Tugas saya dalam episode ini, adalah menceritakan tentang sosok seorang ibu Keluarga Penerima Manfaat, atau KPM, yang meskipun hidup dengan penuh keterbatasan, namun masih giat dalam membantu tetangganya. Memang, terdengar sederhana. Tapi di era ini, rasa rasanya, kesederhanaan yang tulus, justru menjadi barang mewah.
Aenah dan suaminya, Karwan, dikaruniai 7 orang anak. Anak keempat hingga ke enam masih bersekolah. Masing-masing Febri, kelas 9 SMP, Andri kelas 3 SD dan Yandi baru saja masuk sekolah tahun ini.
Aenah tinggal di sebuah desa bernama Panunggulan, kecamatan Tunjung Teja, kab. Serang. Berjarak sekitar 40 kilometer dari pintu tol serang timur. Kebanyakan ibu-ibu berprofesi sebagai buruh tani. Upah harian buruh tani memang tak banyak, sekitar 15 hingga 20 ribu saja perhari.
Aenah merasa, bantuan yang ia dapat, sedikitnya bisa meringankan beban keluarga. Apalagi, ia tinggal bersama 10 anggota keluarga lain, ibu, suami, menantu dan 7 orang anak. Otomatis, kebutuhan beras yang ia butuhkan cukup banyak.
Hebatnya, kondisi ini tak lantas menjadi alasan bagi Aenah untuk berhenti menolong warga desa. Sehari-hari ia rajin mengantar warga sakit untuk berobat ke Puskesmas atau fasilitas kesehatan lainnya. Aenah bilang, dulu warga kampungnya lebih memilih mengandalkan dedaunan herbal dari kebun untuk berobat, atau bahkan ada yang hanya membiarkannya dan menunggu sembuh sendiri.
Kondisi ini membuat Aenah tergerak, membujuk warga untuk mau berobat ke puskesmas. Kegigihan Aenah ternyata mengetuk hati pejabat desa saat itu. Aenah dihadiahi motor matic hitam, yang hingga kini ia gunakan untuk mengantar jemput warga ke puskesmas atau rumah sakit, tanpa meminta imbalan.
Aenah bilang, meskipun tak punya uang, tapi ia senang karena tenaganya masih bisa membantu orang. Menariknya lagi, meskipun tak ada upah yang dipatok, tapi warga yang ditemani Aenah, selalu saja ada yang memberi Aenah uang bensin, bahkan, ada yang memberi sepasang bebek.
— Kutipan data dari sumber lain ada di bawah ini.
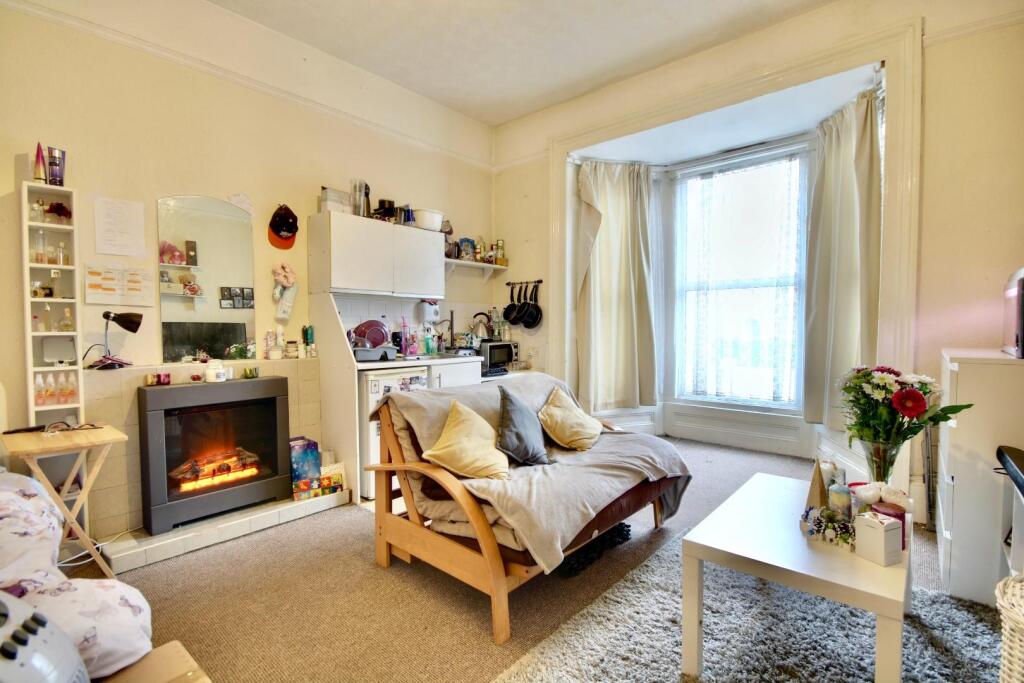 Apartment in Portsmouth - View 3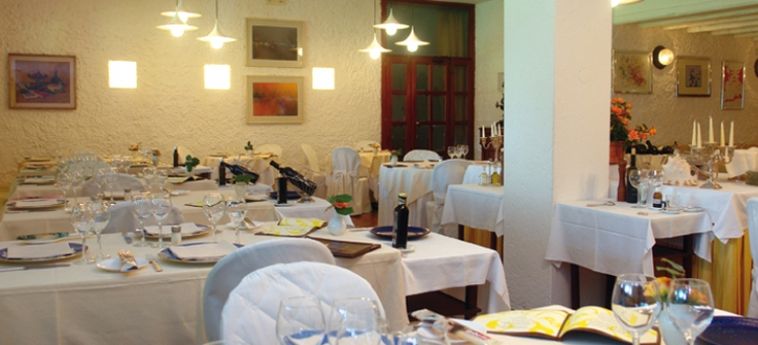 Hotel Della Baia:  NAPLES AND SURROUNDINGS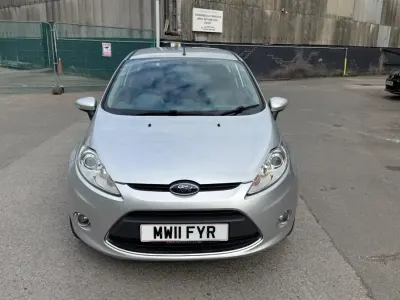 Usado Ford Fiesta Zetec 82 HP (60 kW) 2011 Prateado Citadino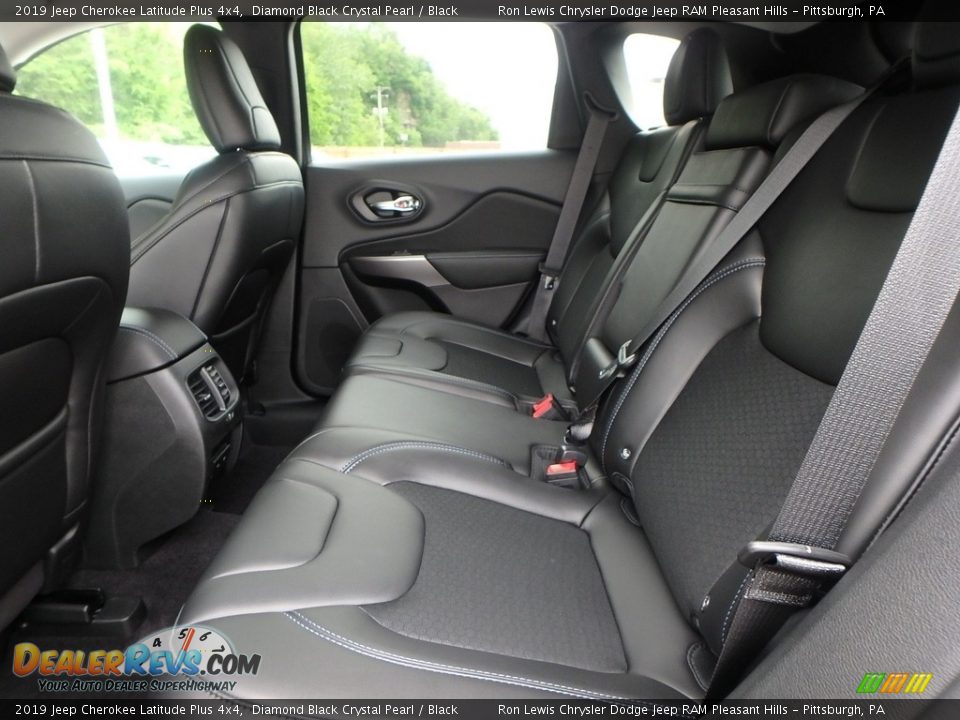 2019 Jeep Cherokee Latitude Plus 4x4 Diamond Black Crystal Pearl / Black Photo #11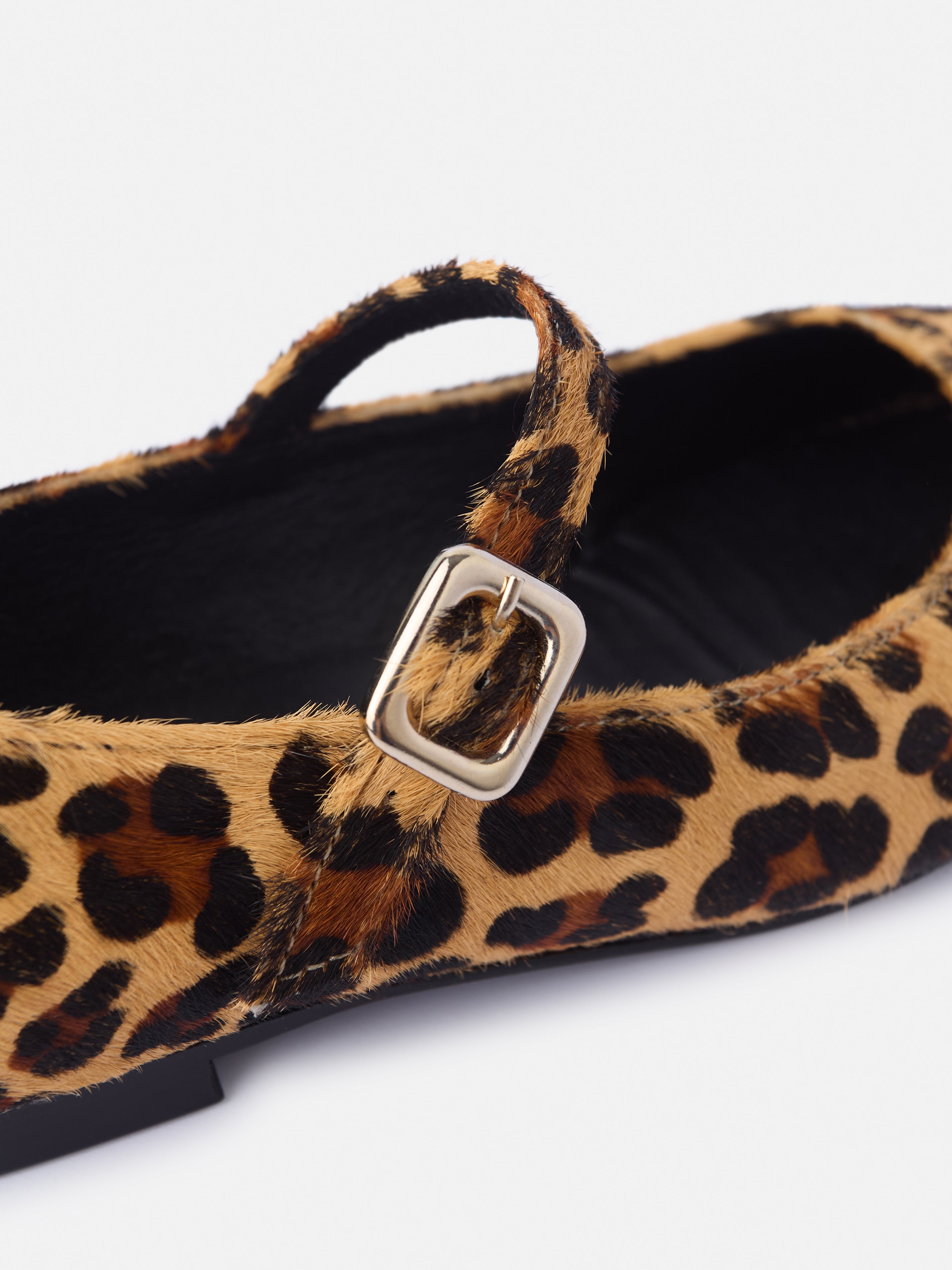 Brown animal print leather ballerina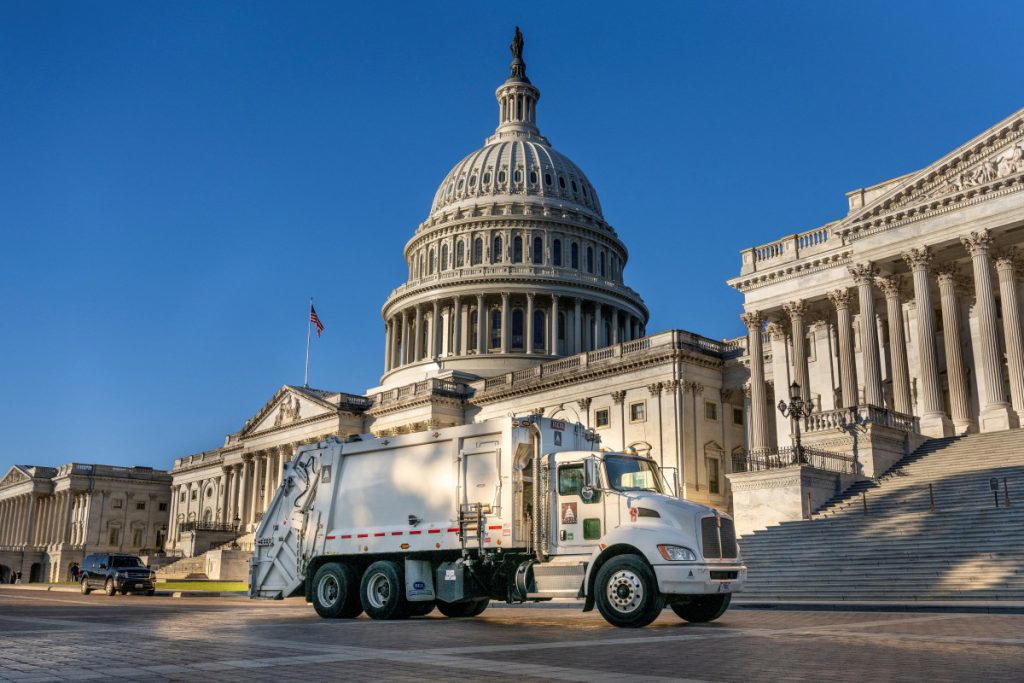 US warns of holiday travel chaos as govt shutdown drags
Saya rasa, warga desa berkahnya memang sangat banyak. Dari cerita bu Aenah tentang sepasang bebek yang diberi warga, sekarang sudah menjadi puluhan. Bahkan, di hari ketiga saya liputan, bu Aenah tak segan memotong 5 ekor bebeknya untuk dimasak jadi Gereng Asem, katanya sih makanan khas Baduy. Bu Aenah memang asli Baduy, namun sudah puluhan tahun ikut suaminya dan pindah ke kampung Panunggulan.
Pertama kali saya mencicipi gereng asem yang disediakan, rasanya betul-betul maknyoos, seger banget, pedas, tanpa ada bau amis bebek sama sekali.
Besoknya, ketika perwakilan dari kementrian keuangan datang, Aenah kembali menyuguhi kami dengan 9 butir kelapa muda, dan dipetik dari pohon yang sama.